Tell us a little about your creative process.
Procrastination and more procrastination. I am not someone who writes every day of every week. Like the majority of writers I have to do other work in order to support myself, so the ‘creative process’ has to fit around that. But when I do write I become very immersed, it can be an extraordinarily intense experience, like nothing else. I can write for hours at a stretch. Writing my memoir was akin to opening a time capsule, all the work that went into it. It was simultaneously exciting and exhausting. I need to rev myself up again for the next book…
How has your experience of the publishing industry been?
I’ve worked in the book industry for over 30 years, every aspect of it really, so I thought there would be few surprises in being published myself. But there have been, of course. It’s a little bit like being on a conveyer belt. There’s a lot of cloak and dagger stuff and it’s hard to get info. The process would be much easier if it were more transparent. And it is nerve racking, if like me you’ve commissioned authors and edited books and written about other people’s books because that’s your job…that said, I think I’ve had a pretty positive experience overall, though, I’ve been lucky.

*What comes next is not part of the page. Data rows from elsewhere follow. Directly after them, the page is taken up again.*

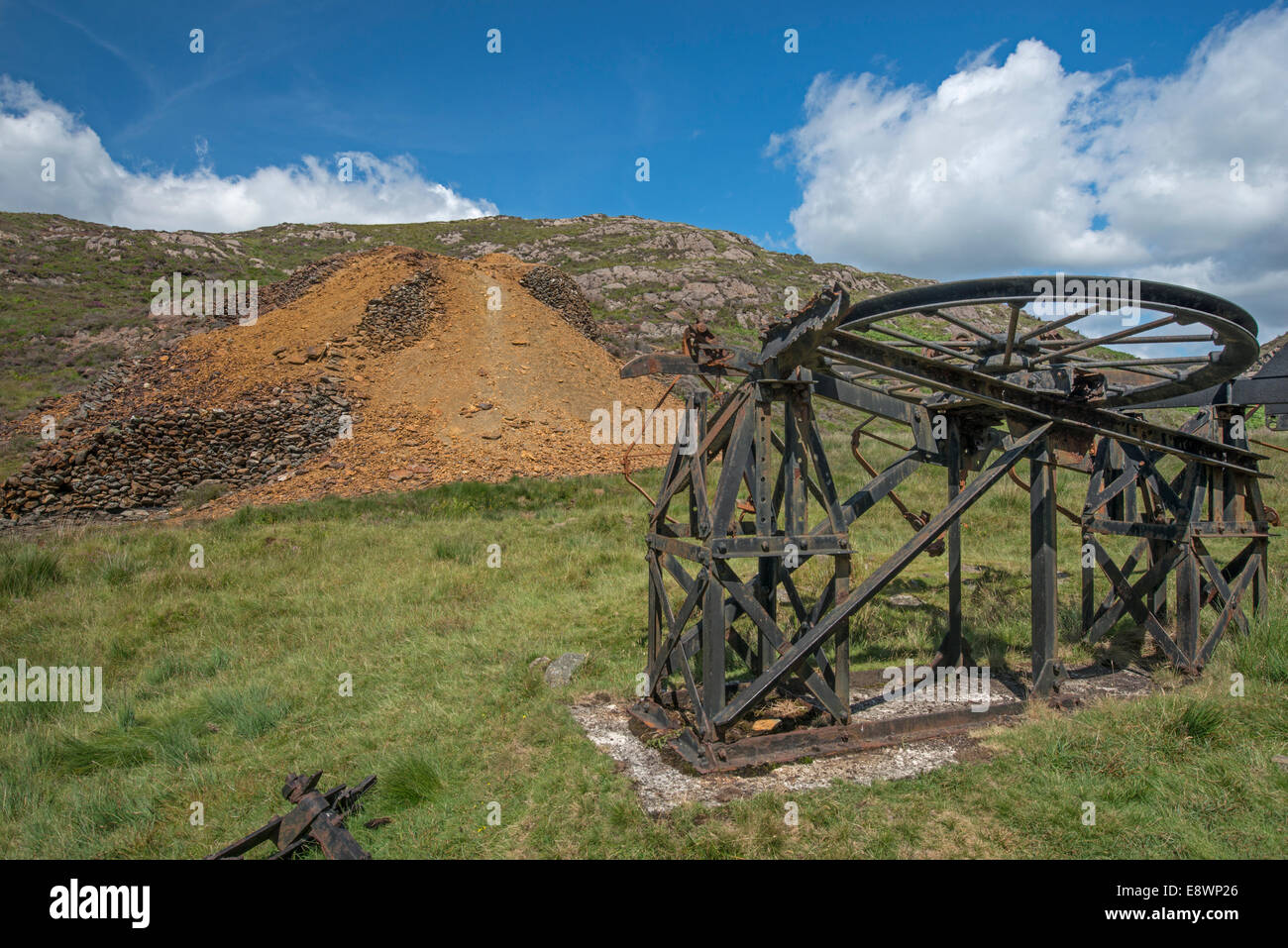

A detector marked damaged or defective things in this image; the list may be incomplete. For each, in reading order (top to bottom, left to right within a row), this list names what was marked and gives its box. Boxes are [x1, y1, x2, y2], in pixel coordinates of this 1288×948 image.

rusted metal machinery [618, 273, 1268, 769]
rusted metal machinery [207, 769, 376, 860] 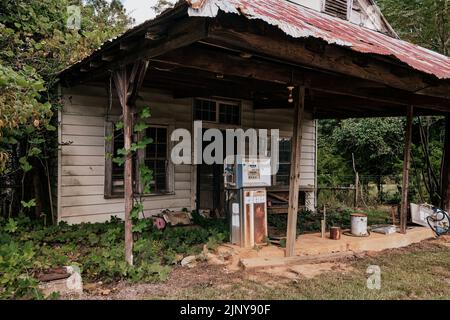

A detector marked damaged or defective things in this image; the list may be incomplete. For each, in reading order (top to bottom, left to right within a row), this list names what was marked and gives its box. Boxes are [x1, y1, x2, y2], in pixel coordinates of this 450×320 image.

rusty corrugated metal roof [187, 0, 450, 79] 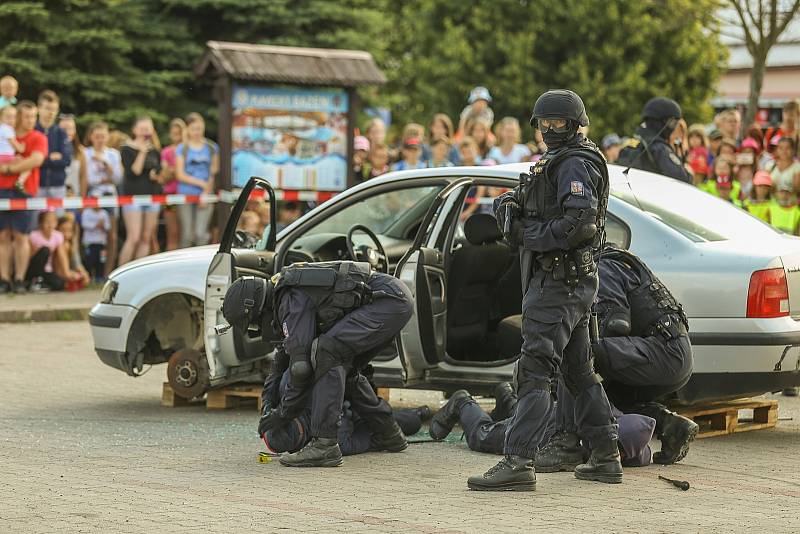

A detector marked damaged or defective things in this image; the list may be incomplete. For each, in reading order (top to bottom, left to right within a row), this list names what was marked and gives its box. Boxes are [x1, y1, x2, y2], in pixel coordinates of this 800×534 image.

car fender damage [124, 296, 205, 378]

What’s the best piece of advice you’ve ever been given?
“Don’t be shit.”
What are you working on right now?
I’m writing some short stories as a kind of exercise, and I’m enjoying doing that. And planning my next book, which goes further back into my family’s history, the story of my maternal grandmother who was committed to an asylum for 20 years. I’m trying to give a voice to someone who had no voice. I’ve never even seen a photograph of her.